Stored dataset items
┏━━
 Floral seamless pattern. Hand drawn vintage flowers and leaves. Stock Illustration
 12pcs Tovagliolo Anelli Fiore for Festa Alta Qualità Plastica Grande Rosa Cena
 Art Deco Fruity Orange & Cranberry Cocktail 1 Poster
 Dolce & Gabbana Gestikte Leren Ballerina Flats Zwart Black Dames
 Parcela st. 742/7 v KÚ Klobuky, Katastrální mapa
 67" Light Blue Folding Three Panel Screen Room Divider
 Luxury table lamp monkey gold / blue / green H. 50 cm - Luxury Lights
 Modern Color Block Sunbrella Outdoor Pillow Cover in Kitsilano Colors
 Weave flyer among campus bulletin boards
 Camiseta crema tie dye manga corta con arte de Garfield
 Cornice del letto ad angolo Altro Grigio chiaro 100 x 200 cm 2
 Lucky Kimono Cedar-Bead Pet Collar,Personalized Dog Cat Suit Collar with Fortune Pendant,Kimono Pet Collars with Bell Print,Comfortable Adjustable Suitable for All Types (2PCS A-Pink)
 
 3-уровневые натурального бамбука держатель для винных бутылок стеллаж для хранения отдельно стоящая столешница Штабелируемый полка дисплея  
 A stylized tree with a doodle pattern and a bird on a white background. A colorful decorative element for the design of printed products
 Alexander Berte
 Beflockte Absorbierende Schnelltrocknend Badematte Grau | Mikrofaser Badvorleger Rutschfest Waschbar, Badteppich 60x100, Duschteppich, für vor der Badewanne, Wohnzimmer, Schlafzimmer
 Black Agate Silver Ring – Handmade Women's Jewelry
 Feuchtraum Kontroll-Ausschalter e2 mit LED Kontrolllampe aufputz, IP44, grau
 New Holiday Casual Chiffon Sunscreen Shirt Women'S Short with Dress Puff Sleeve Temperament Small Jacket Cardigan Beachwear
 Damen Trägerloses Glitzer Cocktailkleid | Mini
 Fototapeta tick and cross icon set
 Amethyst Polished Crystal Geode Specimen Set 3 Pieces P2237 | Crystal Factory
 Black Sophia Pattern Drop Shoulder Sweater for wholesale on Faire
┗━━
▶ **The task**:
Each line from the one holding "Damen Trägerloses Glitzer" to the end of the entries is to be written out exactly. Skip every line before it.

▶ **Answer to this task**:
 Damen Trägerloses Glitzer Cocktailkleid | Mini
 Fototapeta tick and cross icon set
 Amethyst Polished Crystal Geode Specimen Set 3 Pieces P2237 | Crystal Factory
 Black Sophia Pattern Drop Shoulder Sweater for wholesale on Faire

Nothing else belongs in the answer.